It’s Not Just Taxes
By Margaret Hoover
Republican Strategist
Republicans have been running on cutting taxes since Ronald Reagan — and for good reason. Federal taxes were exorbitant when Reagan took office — the highest marginal tax rate was 70 percent compared to today’s less than 40 percent. But three decades later, Americans pay much less to Uncle Sam. Four out of five taxpayers owe more in payroll taxes than federal income taxes. While they must not increase, has running on lower taxes lost its steam?
The answer is no. For evidence that Republicans have won the popular debate on cutting taxes, see Exhibit A: Democrat, President-elect Obama, who ran on cutting taxes (even if it was only for 95 percent of Americans). By the third week in October, polling showed Obama consistently beating McCain on taxes, with one poll revealing a 14 percent gap (Wall Street Journal/NBC News, Obama 48 percent to McCain’s 34 percent to the question which candidate would be better for you on taxes). Despite “Joe the Plumber” — illustration incarnate of left v. right tax philosophy — Americans across the board favored President elect Obama’s tax policies to Senator McCain’s.

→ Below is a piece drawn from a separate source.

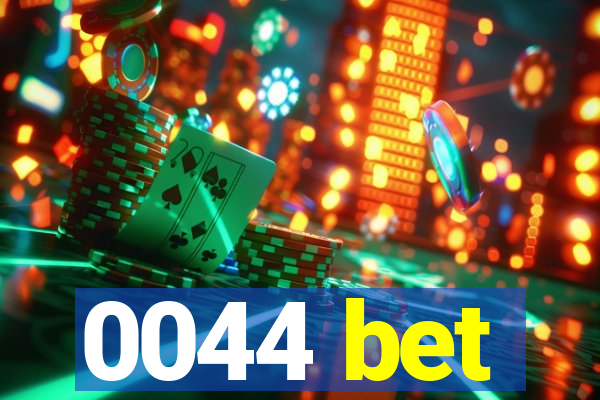 0044 bet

If you haven’t read David Frum’s “Conservatism That Can Win Again,” pick up a copy. Frum writes, “By margins of more than 5 to 4, Americans condemn the Bush tax cuts as ‘not worth it’. When offered a clear choice between cutting taxes or balancing the budget during election year 2004, Americans opted for budget balancing by a margin of 2 to 1. When the choice was changed to cutting taxes or increasing spending, they opted for higher spending by a margin of 5 to 4.”

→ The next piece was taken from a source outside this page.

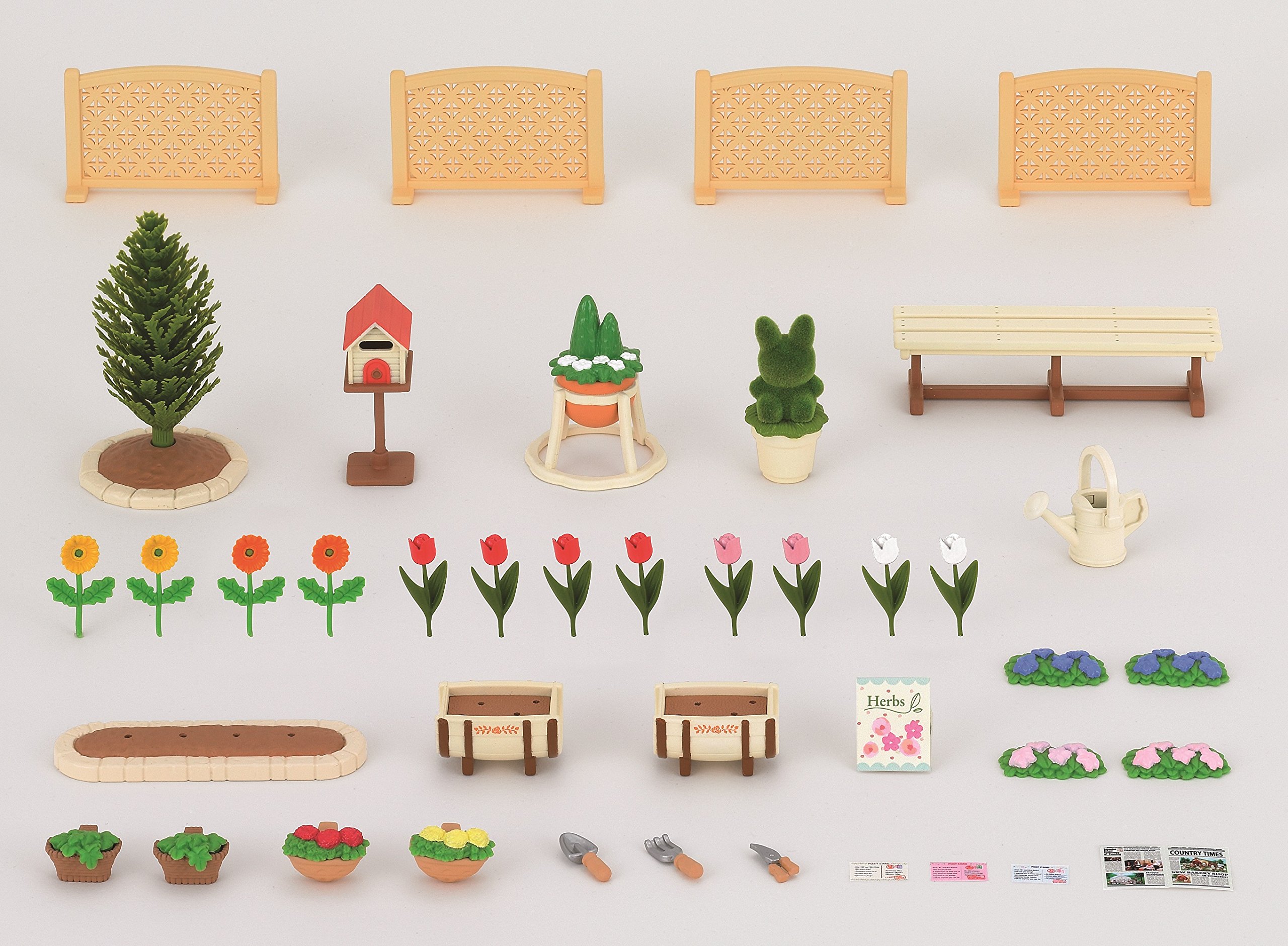 Amazon | シルバニアファミリー ルームセット くつろぎファミリー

Frum goes onto suggest that the lower tax message failed to resonate with voters partly because individuals didn’t feel the relief of the Bush tax cuts. Thanks to spiking energy prices and health care costs, whatever earnings Americans saved in federal taxes, they spent on increasing living expenditures (health insurance, gasoline, etc).

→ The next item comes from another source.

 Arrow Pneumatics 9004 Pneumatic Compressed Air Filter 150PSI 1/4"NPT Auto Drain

Republicans must keep taxes low. But it’s imperative that our economic argument consist of more than just “lower taxes.” Our challenge is to address American’s concerns with solutions routed in conservative principles that make sense. In the wilderness we must turn to our brain trusts — Paul Ryan in the House of Representatives, the American Enterprise Institute, Cato Institute, the Heritage Foundation and the Hoover Institution — to generate answers to rising health care expenses, energy costs and entitlement reform.
While even The New York Times agrees that raising taxes in a down economy constitutes terrible policy, we must stand for more than lower taxes. Now is our opportunity to become the constructive, not just the loyal, opposition.